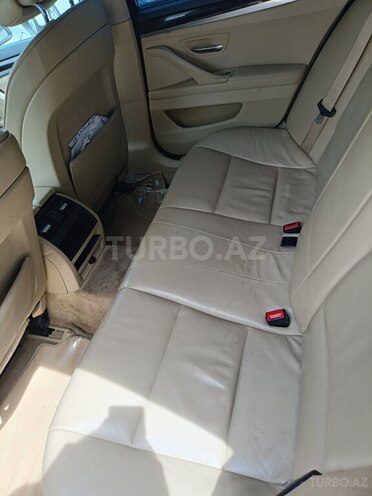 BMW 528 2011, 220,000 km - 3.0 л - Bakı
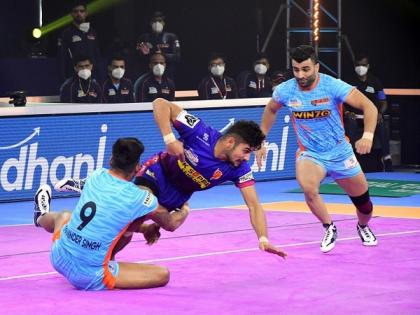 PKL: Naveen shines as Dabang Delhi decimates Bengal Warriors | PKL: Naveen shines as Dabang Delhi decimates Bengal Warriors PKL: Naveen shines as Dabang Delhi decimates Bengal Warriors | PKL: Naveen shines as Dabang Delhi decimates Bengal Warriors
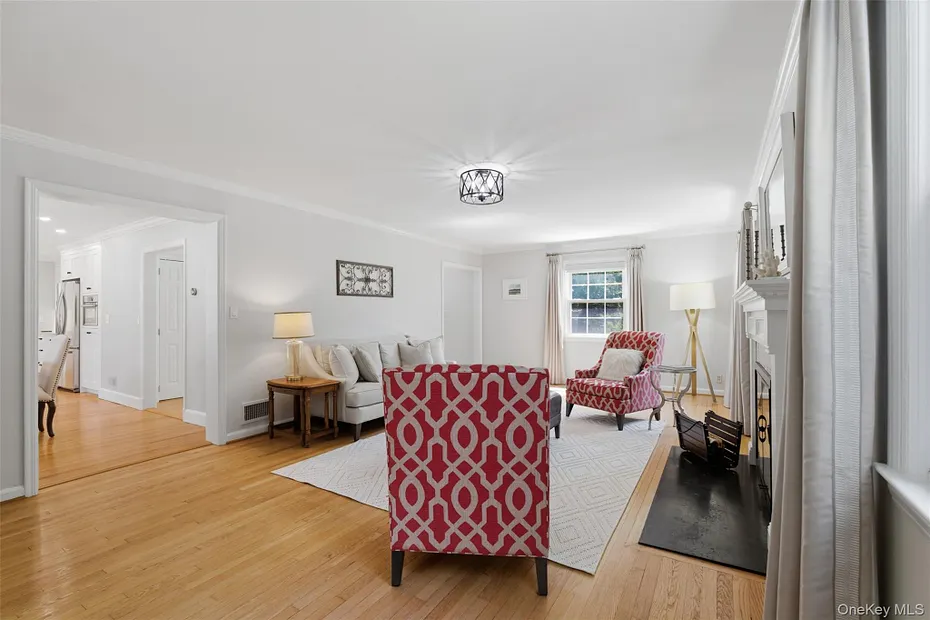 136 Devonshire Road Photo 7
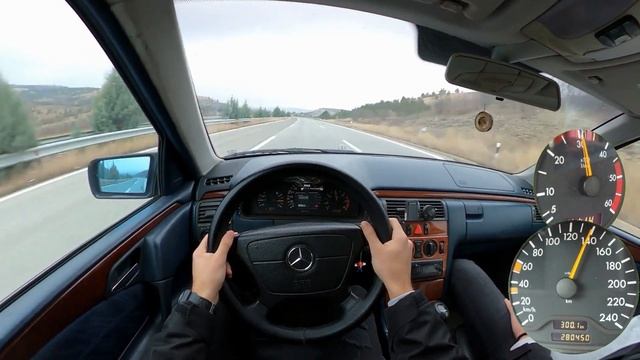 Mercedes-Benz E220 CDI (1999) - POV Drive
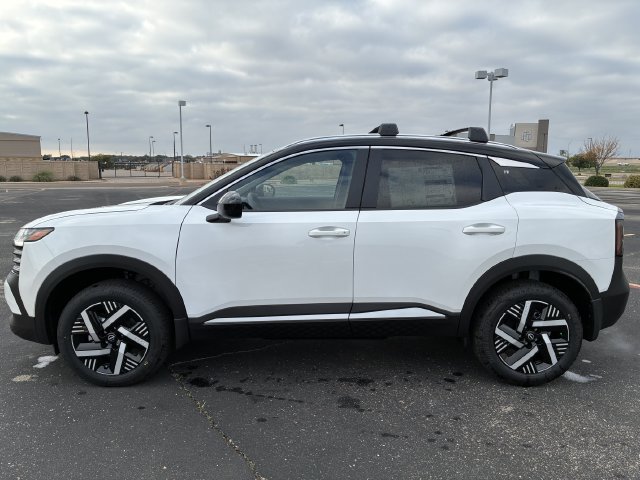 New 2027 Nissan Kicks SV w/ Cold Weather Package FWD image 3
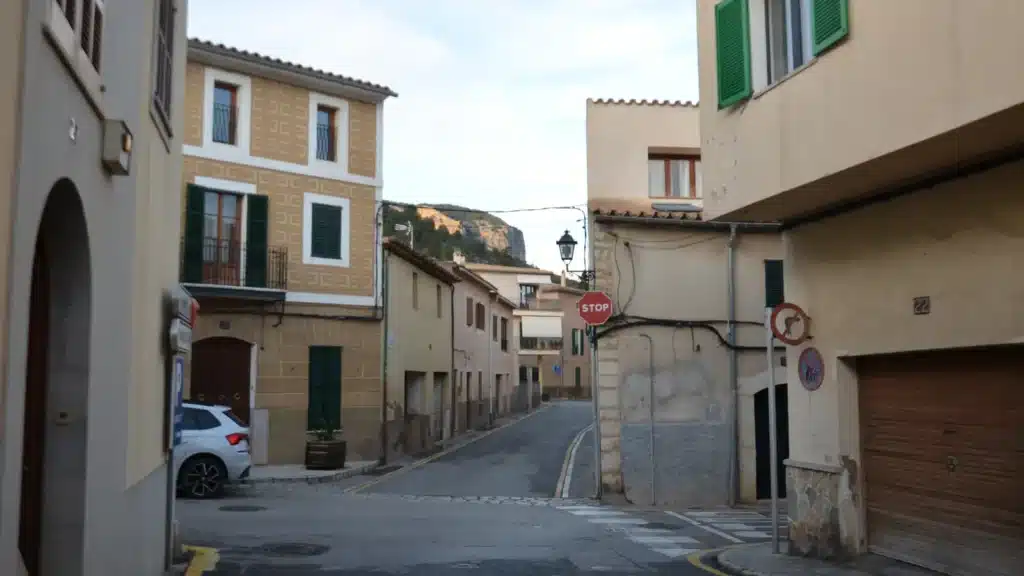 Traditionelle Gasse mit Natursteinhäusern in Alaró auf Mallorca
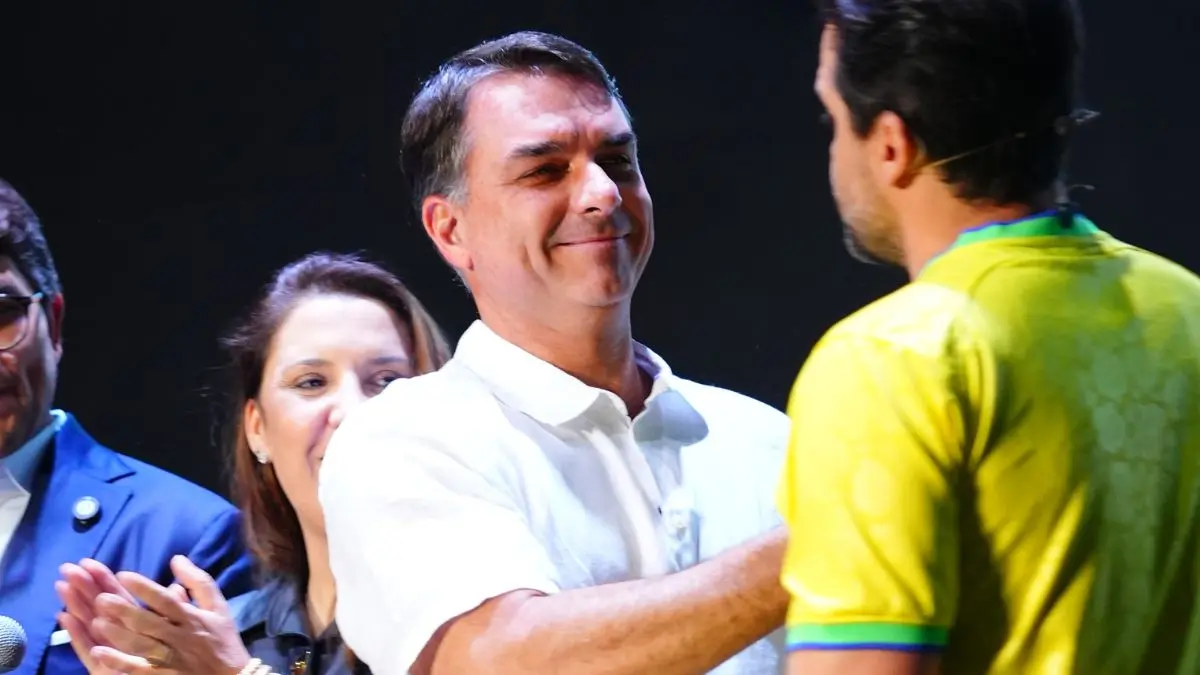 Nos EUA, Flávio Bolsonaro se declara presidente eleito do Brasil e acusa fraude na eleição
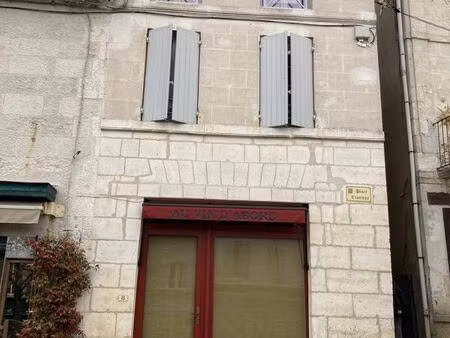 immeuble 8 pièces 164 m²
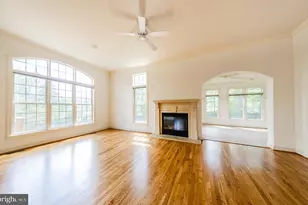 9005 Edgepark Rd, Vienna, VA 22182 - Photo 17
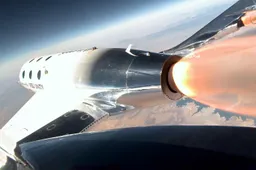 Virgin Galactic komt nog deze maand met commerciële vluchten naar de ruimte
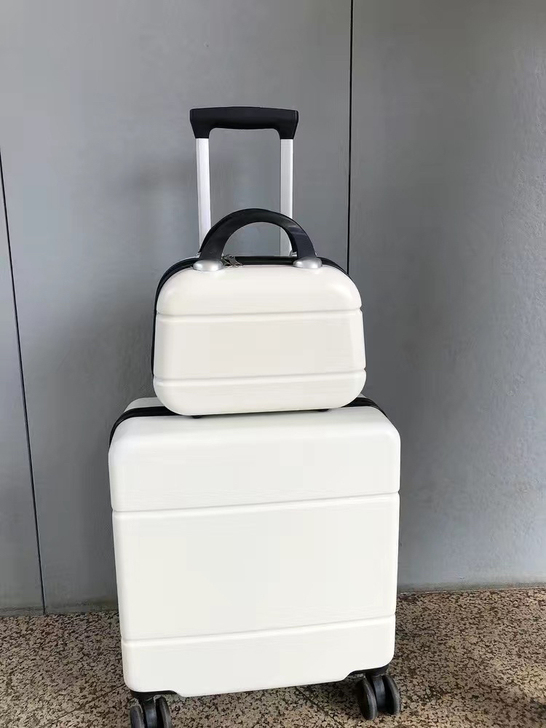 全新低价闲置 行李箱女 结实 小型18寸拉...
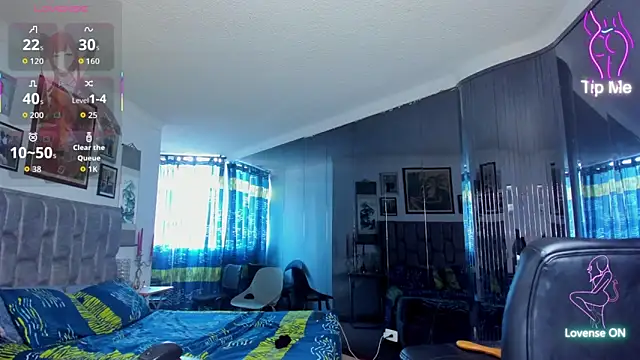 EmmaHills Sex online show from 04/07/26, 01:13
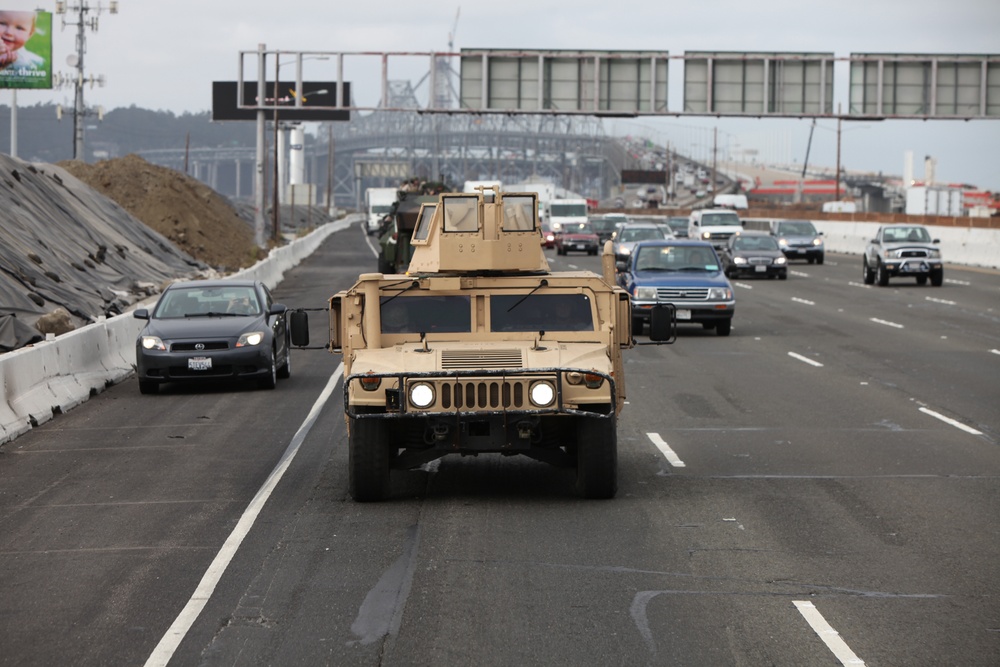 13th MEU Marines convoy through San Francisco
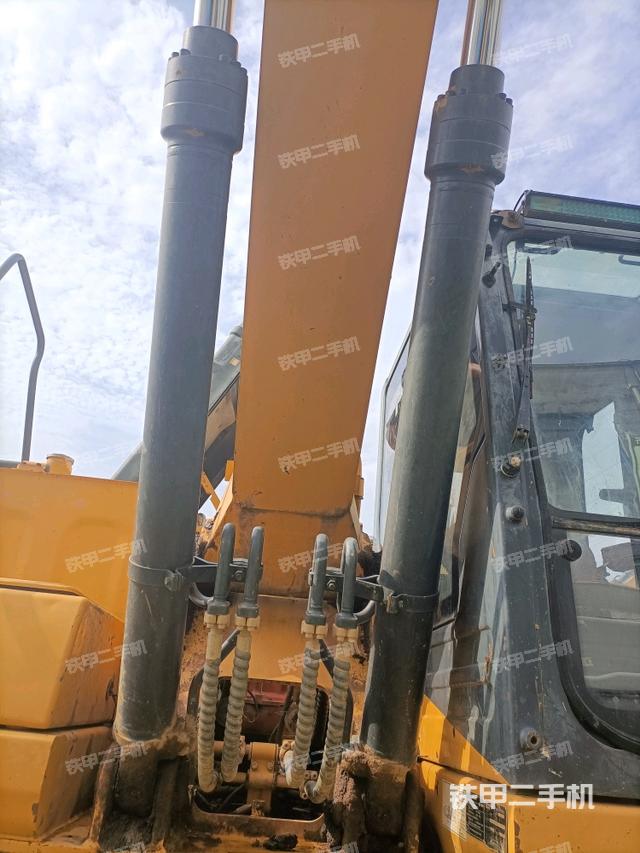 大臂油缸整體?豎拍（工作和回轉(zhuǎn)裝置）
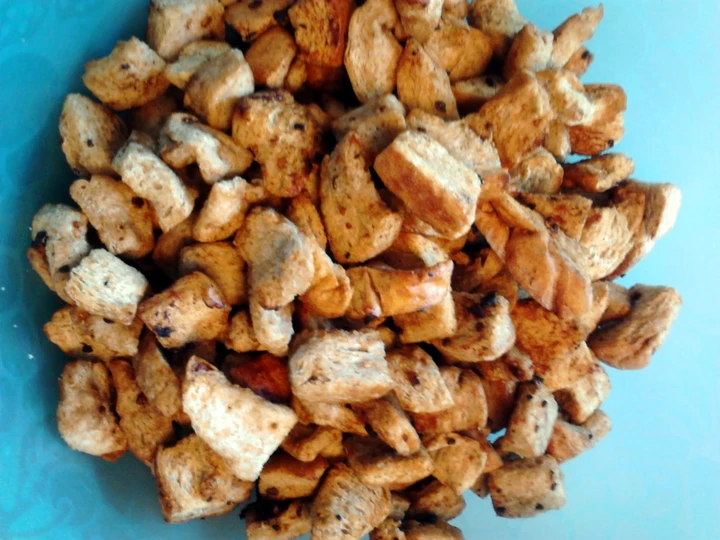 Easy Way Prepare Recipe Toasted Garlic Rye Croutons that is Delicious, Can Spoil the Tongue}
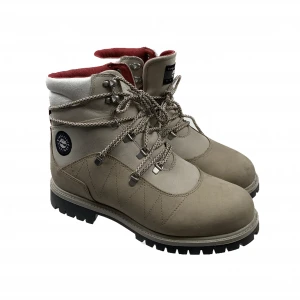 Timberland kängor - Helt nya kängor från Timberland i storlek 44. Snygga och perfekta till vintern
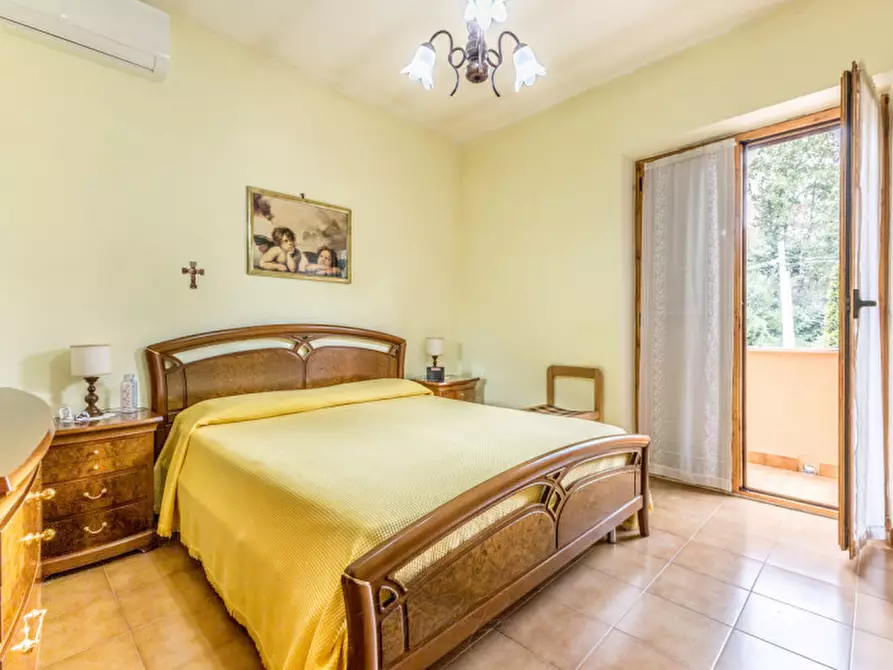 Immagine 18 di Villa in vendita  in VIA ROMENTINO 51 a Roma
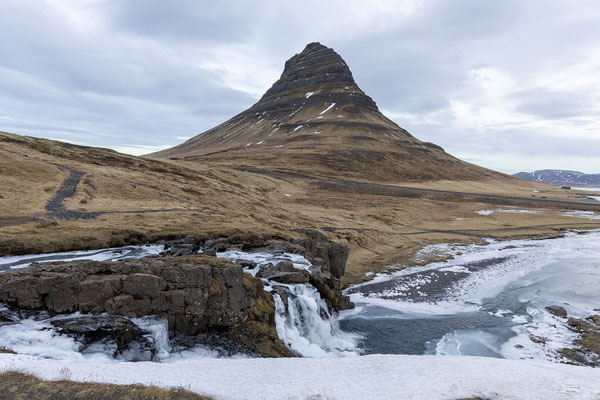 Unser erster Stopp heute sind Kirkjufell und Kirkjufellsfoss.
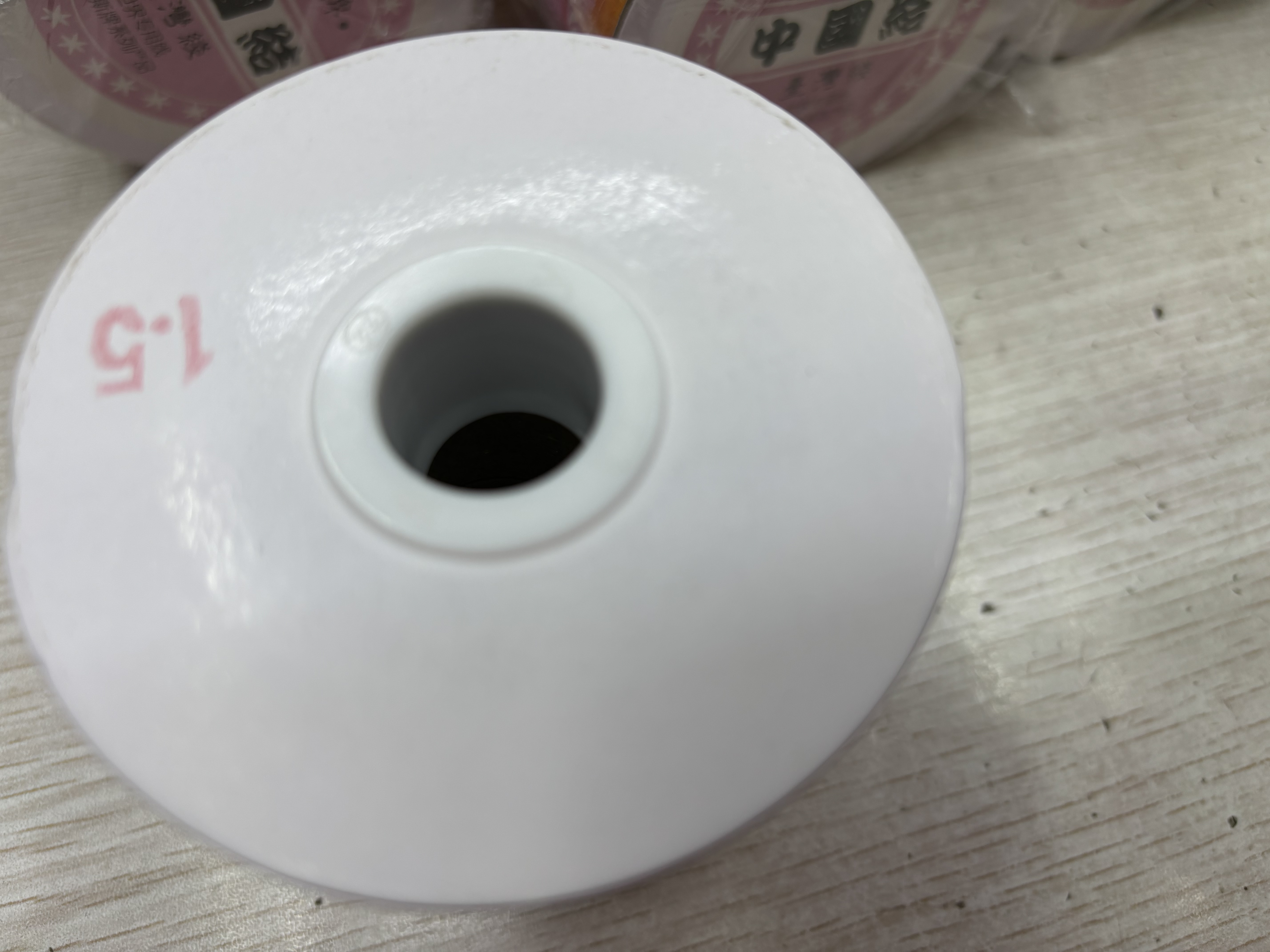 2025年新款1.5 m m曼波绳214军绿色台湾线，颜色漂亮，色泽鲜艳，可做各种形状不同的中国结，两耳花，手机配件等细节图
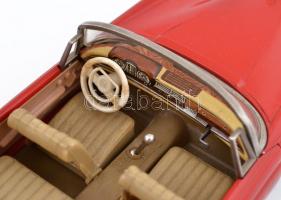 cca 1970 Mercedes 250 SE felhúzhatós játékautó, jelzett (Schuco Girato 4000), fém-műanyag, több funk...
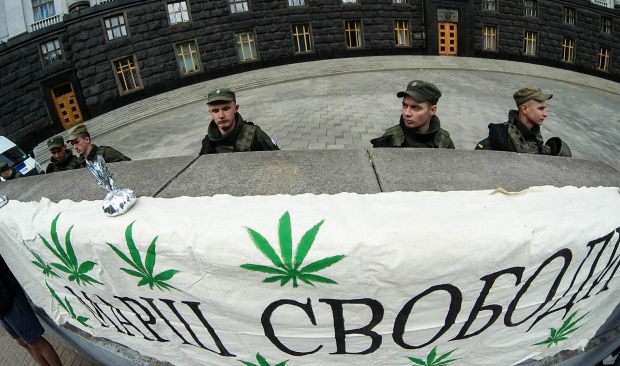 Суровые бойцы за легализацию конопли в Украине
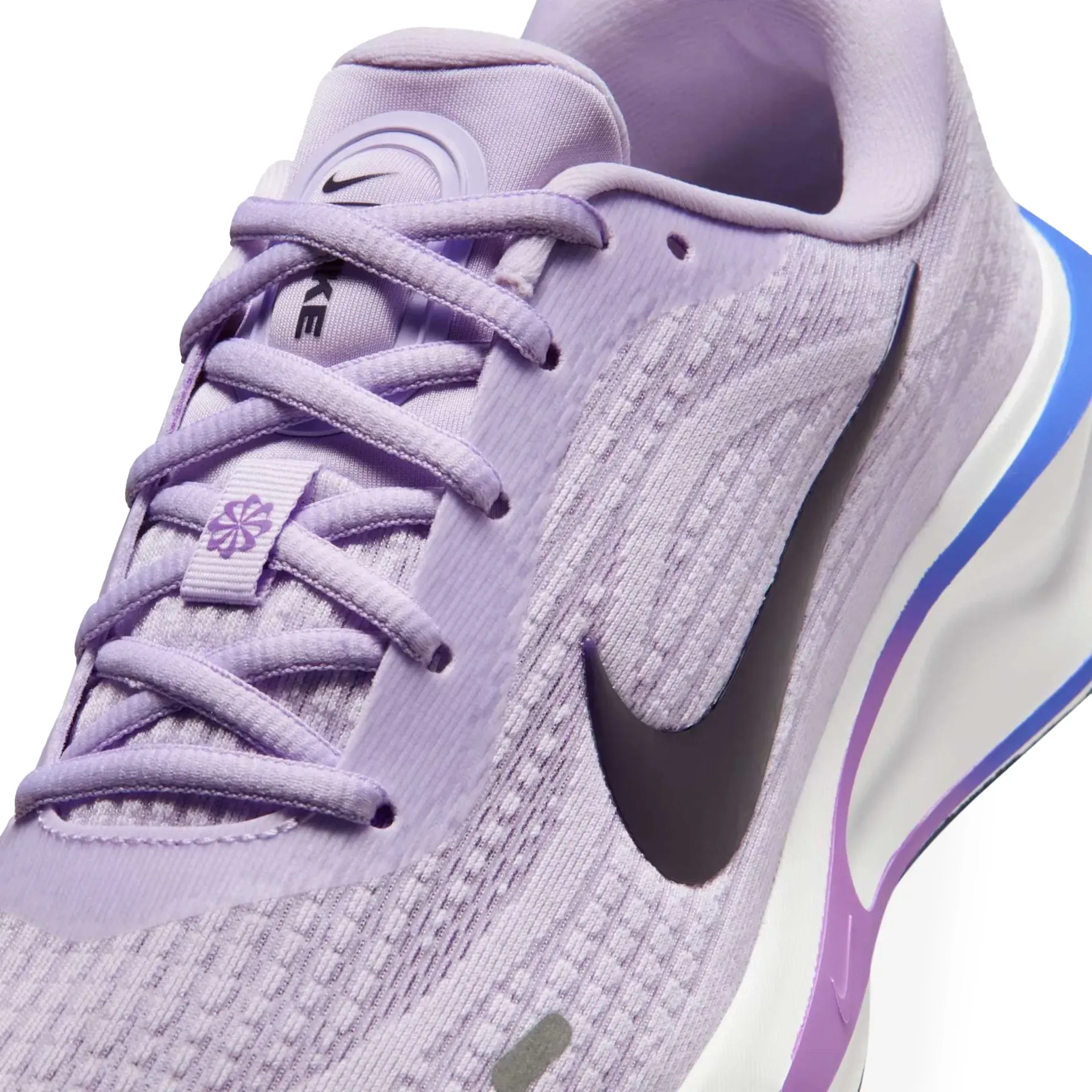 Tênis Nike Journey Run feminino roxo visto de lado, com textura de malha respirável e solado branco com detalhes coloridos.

****************************************

Task - Restate the data above verbatim, skipping every image.

Answer space -
 BMW 528 2011, 220,000 km - 3.0 л - Bakı
 PKL: Naveen shines as Dabang Delhi decimates Bengal Warriors | PKL: Naveen shines as Dabang Delhi decimates Bengal Warriors PKL: Naveen shines as Dabang Delhi decimates Bengal Warriors | PKL: Naveen shines as Dabang Delhi decimates Bengal Warriors
 136 Devonshire Road Photo 7
 Mercedes-Benz E220 CDI (1999) - POV Drive
 New 2027 Nissan Kicks SV w/ Cold Weather Package FWD image 3
 Traditionelle Gasse mit Natursteinhäusern in Alaró auf Mallorca
 Nos EUA, Flávio Bolsonaro se declara presidente eleito do Brasil e acusa fraude na eleição
 immeuble 8 pièces 164 m²
 9005 Edgepark Rd, Vienna, VA 22182 - Photo 17
 Virgin Galactic komt nog deze maand met commerciële vluchten naar de ruimte
 全新低价闲置 行李箱女 结实 小型18寸拉...
 EmmaHills Sex online show from 04/07/26, 01:13
 13th MEU Marines convoy through San Francisco
 大臂油缸整體?豎拍（工作和回轉(zhuǎn)裝置）
 Easy Way Prepare Recipe Toasted Garlic Rye Croutons that is Delicious, Can Spoil the Tongue}
 Timberland kängor - Helt nya kängor från Timberland i storlek 44. Snygga och perfekta till vintern
 Immagine 18 di Villa in vendita  in VIA ROMENTINO 51 a Roma
 Unser erster Stopp heute sind Kirkjufell und Kirkjufellsfoss.
 2025年新款1.5 m m曼波绳214军绿色台湾线，颜色漂亮，色泽鲜艳，可做各种形状不同的中国结，两耳花，手机配件等细节图
 cca 1970 Mercedes 250 SE felhúzhatós játékautó, jelzett (Schuco Girato 4000), fém-műanyag, több funk...
 Суровые бойцы за легализацию конопли в Украине
 Tênis Nike Journey Run feminino roxo visto de lado, com textura de malha respirável e solado branco com detalhes coloridos.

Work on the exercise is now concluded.